J’ai lu : Croix de fer, de Louis le Baraqué

310croix-de-fer-louis-le-barquePar Frédéric Candian, auteur de plusieurs romans, dont Deux âmes dans l’antre des fous (Publibook, 2002) et La communauté de Thésée (Edilivre, 2009), ainsi que du recueil de nouvelles Le langage des oiseaux (Edilivre, 2015). Son site web : www.fredcandian.fr

Croix de fer, le livre de Louis le Baraqué publié par la Compagnie littéraire, a été préfacé par Marc Vouillot, connu pour avoir été champion de force athlétique et de culturisme, et l’un des plus célèbres entraîneurs dans ces disciplines. Et Marc Vouillot ne ment pas lorsqu’il écrit dans sa préface que le livre de Louis le Baraqué vous laissera les bras en croix.

Ainsi, un livre qui pourrait n’être que l’épopée de quelques gros bras accros à la testostérone va vous plonger dans une réalité bien plus sombre et troublante que celle de quelques biceps bien huilés.

C’est que voyez-vous, Louis le Baraqué avait tout pour être heureux. Un physique d’athlète, sa passion de la gymnastique et de la musculation, son amour pour les femmes, le cinéma, son quartier de Montmartre, pour la vie, en somme.

Son amour pour l’écriture? Pas vraiment : Louis le Baraqué qualifie son écriture d’affreuse. Quant à la belle écriture, il la considère comme la science des imbéciles. Alors pourquoi écrire un livre? C’est là le point essentiel. Louis le Baraqué n’écrit pas, il jette des phrases tronquées, hachées, comme autant de fulgurances incisives. C’est qu’il a beaucoup à dire, le Baraqué, mais beaucoup à cacher aussi, par pudeur ? Par crainte d’un ennemi invisible ?

Paranoïaque ou lucide, Louis le Baraqué construit donc, ou plutôt déconstruit son livre pour en faire un puzzle. Ce sera autant de temps gagné sur cet ennemi invisible qui a détruit sa vie.

Croix de bois, Croix de fer. Que Louis le Baraqué mente ou non, qu’il exagère ou non, sa vie n’en reste pas moins un enfer. Cela avait pourtant bien commencé. Le café familial à Montmartre, les anecdotes sur les clients et leurs brèves de comptoir. Et puis il y a eu le service militaire au sein des services de renseignement. Là, une partie de sa hiérarchie et de ses camarades le prend en grippe.
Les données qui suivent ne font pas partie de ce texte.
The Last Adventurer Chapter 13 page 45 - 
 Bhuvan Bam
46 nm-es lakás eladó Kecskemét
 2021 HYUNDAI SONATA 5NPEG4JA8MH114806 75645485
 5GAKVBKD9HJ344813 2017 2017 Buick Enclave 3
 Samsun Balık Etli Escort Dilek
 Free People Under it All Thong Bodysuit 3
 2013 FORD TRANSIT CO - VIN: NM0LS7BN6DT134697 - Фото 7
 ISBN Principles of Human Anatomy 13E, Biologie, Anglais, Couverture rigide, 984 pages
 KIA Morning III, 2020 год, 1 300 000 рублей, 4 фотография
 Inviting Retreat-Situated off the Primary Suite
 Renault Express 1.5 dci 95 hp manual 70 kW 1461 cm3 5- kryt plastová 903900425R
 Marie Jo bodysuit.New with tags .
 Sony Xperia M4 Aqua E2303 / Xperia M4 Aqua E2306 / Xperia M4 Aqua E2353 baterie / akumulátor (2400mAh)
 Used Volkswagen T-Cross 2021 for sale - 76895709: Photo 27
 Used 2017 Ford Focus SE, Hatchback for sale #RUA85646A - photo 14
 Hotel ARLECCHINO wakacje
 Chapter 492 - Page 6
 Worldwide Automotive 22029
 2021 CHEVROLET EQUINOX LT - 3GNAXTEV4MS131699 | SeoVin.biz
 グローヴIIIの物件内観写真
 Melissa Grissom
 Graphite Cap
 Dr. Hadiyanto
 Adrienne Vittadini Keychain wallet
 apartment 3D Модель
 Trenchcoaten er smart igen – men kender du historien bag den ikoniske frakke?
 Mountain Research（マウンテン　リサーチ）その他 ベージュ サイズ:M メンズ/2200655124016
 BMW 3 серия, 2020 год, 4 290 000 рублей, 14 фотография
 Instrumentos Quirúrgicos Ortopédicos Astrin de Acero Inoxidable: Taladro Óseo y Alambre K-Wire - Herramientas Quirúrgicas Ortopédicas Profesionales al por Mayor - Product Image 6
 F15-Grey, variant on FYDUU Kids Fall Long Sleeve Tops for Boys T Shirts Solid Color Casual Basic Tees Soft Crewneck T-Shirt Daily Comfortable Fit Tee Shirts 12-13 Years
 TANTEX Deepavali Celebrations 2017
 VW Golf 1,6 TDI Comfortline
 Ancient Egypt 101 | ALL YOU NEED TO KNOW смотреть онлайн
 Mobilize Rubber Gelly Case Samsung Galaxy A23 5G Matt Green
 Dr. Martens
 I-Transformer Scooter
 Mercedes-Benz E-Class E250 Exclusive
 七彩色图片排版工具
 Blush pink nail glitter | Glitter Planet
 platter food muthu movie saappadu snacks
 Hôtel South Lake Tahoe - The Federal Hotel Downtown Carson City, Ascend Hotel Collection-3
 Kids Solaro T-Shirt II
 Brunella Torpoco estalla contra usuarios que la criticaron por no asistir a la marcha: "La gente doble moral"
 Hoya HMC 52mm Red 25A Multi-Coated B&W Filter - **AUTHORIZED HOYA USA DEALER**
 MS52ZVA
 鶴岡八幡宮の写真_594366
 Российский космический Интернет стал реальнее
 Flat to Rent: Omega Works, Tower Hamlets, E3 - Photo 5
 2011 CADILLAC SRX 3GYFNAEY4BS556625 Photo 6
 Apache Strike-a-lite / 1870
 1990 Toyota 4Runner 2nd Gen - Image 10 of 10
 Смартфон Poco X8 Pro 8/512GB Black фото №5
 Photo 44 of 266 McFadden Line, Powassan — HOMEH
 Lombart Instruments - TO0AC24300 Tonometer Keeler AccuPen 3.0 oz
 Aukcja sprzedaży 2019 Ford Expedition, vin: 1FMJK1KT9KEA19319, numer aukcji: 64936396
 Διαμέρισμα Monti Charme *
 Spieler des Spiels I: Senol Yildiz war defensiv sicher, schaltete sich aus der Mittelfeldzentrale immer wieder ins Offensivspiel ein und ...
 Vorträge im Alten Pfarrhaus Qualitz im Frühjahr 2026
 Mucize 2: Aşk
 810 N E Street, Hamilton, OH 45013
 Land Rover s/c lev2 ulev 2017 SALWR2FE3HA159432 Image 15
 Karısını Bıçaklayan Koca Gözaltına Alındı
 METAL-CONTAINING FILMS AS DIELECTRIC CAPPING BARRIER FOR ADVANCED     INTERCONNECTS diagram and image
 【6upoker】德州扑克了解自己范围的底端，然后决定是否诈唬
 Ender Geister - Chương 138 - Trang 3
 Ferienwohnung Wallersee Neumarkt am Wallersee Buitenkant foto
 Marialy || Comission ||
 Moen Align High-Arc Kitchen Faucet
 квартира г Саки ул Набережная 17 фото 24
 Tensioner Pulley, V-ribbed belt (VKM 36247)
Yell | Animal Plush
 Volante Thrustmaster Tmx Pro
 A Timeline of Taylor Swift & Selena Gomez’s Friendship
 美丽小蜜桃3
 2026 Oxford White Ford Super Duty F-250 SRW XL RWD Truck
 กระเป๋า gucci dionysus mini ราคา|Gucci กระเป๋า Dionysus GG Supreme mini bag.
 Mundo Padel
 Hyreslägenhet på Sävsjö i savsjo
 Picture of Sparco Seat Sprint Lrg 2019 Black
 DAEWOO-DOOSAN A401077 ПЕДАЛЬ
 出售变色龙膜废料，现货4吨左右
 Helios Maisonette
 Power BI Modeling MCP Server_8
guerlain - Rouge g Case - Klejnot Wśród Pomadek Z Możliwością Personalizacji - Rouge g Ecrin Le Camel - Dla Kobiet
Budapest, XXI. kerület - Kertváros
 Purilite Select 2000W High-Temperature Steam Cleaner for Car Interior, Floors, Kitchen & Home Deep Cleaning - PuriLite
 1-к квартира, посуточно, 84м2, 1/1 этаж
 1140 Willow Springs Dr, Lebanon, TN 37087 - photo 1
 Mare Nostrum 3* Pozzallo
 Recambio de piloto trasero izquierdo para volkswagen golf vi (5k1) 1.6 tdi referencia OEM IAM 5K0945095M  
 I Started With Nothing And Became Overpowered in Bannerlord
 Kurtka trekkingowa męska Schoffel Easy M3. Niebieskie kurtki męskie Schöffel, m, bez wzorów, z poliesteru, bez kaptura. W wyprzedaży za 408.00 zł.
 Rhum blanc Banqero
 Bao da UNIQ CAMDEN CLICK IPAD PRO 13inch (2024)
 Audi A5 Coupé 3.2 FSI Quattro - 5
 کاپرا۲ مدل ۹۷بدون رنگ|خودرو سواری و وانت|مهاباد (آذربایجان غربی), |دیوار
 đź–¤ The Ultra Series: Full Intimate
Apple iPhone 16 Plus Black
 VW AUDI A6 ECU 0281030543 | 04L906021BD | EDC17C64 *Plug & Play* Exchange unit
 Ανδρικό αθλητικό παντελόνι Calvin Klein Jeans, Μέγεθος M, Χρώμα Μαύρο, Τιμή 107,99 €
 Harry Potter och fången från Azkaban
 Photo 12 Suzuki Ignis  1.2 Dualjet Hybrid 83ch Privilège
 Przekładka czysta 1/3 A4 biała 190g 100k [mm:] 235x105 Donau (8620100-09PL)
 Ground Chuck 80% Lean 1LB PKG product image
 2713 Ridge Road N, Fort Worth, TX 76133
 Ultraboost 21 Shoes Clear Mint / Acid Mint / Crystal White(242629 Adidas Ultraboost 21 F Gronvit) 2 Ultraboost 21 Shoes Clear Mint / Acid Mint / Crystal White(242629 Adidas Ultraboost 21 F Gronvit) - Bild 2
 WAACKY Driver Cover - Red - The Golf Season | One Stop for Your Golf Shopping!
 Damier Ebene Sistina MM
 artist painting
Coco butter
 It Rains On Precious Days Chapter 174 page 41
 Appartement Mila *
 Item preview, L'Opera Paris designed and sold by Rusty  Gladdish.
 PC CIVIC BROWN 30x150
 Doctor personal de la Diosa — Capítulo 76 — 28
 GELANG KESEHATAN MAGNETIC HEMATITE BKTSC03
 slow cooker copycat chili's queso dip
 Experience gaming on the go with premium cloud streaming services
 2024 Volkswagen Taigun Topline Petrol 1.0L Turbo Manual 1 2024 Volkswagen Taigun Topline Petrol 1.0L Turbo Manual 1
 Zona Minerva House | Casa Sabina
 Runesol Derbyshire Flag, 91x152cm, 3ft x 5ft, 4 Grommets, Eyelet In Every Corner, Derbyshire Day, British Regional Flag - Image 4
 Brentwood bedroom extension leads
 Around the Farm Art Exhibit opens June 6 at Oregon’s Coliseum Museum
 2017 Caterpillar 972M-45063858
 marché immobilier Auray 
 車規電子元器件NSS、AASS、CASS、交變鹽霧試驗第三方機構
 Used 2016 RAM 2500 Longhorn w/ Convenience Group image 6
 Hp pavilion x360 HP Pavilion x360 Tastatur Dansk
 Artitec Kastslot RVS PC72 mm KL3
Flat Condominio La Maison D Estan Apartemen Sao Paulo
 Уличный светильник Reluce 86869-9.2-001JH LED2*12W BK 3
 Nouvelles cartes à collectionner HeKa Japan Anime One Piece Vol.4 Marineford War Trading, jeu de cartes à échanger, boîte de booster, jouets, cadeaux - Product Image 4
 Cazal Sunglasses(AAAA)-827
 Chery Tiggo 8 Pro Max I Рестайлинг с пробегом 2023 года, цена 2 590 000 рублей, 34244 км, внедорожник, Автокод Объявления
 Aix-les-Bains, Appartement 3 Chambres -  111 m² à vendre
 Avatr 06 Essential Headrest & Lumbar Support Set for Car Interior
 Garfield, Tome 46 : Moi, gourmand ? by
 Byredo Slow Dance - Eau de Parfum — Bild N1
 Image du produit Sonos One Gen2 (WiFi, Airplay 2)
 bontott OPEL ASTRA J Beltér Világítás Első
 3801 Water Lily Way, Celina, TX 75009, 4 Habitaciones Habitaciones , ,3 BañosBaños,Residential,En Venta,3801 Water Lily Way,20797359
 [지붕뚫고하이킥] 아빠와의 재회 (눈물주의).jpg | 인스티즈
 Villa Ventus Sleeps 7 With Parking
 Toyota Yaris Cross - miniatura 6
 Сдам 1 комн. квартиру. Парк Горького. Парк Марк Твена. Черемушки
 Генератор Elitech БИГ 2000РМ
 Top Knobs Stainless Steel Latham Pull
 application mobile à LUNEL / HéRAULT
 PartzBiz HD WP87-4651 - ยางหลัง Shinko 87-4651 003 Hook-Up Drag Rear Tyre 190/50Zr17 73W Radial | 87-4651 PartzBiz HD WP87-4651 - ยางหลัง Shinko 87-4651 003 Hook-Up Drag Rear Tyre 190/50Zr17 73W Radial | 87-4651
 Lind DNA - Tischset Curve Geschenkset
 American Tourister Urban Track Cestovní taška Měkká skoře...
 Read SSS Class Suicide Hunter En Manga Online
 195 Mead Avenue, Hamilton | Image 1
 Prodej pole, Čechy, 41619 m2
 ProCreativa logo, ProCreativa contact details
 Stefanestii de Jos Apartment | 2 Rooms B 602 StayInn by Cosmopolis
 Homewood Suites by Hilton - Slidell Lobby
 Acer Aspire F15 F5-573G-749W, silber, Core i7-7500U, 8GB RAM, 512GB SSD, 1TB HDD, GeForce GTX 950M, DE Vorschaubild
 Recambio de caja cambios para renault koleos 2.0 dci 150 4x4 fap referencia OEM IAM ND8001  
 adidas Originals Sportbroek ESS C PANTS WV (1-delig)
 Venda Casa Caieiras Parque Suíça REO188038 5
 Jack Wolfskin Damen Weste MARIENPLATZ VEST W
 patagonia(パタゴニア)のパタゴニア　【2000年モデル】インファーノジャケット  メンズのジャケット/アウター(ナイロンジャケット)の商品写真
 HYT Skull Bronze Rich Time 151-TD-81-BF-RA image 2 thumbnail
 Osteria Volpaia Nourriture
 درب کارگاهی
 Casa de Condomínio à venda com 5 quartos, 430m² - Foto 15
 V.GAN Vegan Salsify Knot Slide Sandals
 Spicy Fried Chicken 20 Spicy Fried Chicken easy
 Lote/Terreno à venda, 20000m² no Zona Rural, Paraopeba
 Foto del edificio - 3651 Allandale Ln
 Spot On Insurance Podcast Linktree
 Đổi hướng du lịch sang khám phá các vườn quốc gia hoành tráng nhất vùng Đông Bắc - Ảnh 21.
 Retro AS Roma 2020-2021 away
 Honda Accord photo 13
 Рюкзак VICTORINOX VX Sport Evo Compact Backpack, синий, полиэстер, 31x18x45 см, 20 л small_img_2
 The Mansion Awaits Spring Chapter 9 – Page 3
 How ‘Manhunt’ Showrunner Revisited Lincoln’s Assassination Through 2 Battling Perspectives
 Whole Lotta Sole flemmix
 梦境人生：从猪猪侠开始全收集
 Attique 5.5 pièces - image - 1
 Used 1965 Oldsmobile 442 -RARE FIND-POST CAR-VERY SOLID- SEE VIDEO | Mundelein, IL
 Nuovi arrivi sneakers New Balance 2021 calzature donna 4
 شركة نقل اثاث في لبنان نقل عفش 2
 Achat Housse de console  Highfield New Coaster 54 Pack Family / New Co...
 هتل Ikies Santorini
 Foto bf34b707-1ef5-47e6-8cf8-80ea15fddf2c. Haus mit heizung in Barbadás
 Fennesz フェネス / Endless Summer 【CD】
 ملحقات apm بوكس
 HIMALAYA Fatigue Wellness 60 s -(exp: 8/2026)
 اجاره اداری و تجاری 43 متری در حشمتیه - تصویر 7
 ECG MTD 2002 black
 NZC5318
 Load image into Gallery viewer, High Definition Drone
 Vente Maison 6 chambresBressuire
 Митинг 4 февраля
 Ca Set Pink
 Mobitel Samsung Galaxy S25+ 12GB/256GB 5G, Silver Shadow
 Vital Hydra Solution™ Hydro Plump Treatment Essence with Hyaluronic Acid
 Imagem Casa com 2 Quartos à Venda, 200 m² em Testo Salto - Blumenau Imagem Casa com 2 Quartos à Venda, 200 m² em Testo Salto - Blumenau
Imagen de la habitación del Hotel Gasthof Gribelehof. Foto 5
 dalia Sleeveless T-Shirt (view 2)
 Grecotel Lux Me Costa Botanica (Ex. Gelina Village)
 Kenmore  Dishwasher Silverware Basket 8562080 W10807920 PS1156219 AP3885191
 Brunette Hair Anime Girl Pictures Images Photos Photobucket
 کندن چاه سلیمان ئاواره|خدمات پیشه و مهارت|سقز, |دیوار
Pour quels motifs ? Début du cauchemar et de la descente aux enfers.

Peu après commencent les ennuis psychiatriques, les internements, les traitements de choc qui rendent le beau gosse insomniaque et impuissant. Non, Louis le Baraqué n’est pas fou. Il sait que son mal vient de son passage chez les barbouzes. Son ennemi invisible s’appelle « On ». Et « On » met tout en oeuvre pour faire souffrir notre Baraqué. Mes aliments ont été drogués.

La folie est supposée, mais la souffrance est bien réelle. Alors Louis le Baraqué se bat, envers et contre tout. Avec l’énergie du désespoir, il s’accroche aux amis, aux aventures de James Bond ou à ses séries télé favorites, Les mystères de l’Ouest et Amicalement vôtre. Il s’accroche aussi, malgré la déchéance physique, aux entraînements, malgré l’impuissance, à la recherche de l’amour, et malgré l’incompréhension et l’hostilité de ses proches, à cette famille qu’il chérit par dessus tout.

J’écris finalement pour me faire entendre des miens, conclut finalement Louis le Baraqué, plein d’amertume.

Le puzzle, au final, c’est à vous de le reconstituer, et lorsque vous l’aurez fait, vous vous poserez immanquablement, vous aussi, la question : Croix de bois, croix de fer, et si Louis le Baraqué disait vrai ? Cela ne lui a pas épargné ni l’enfer, ni l’obligation de porter sa Croix, voilà la seule certitude. Pour le reste, il ne vous restera que des questions. Et c’est probablement à ce stade que vous vous demanderez, comme moi, si vous n’allez pas vous replonger dans la lecture de Croix de fer, histoire de voir si vous n’avez pas égaré en route quelques pièces du puzzle.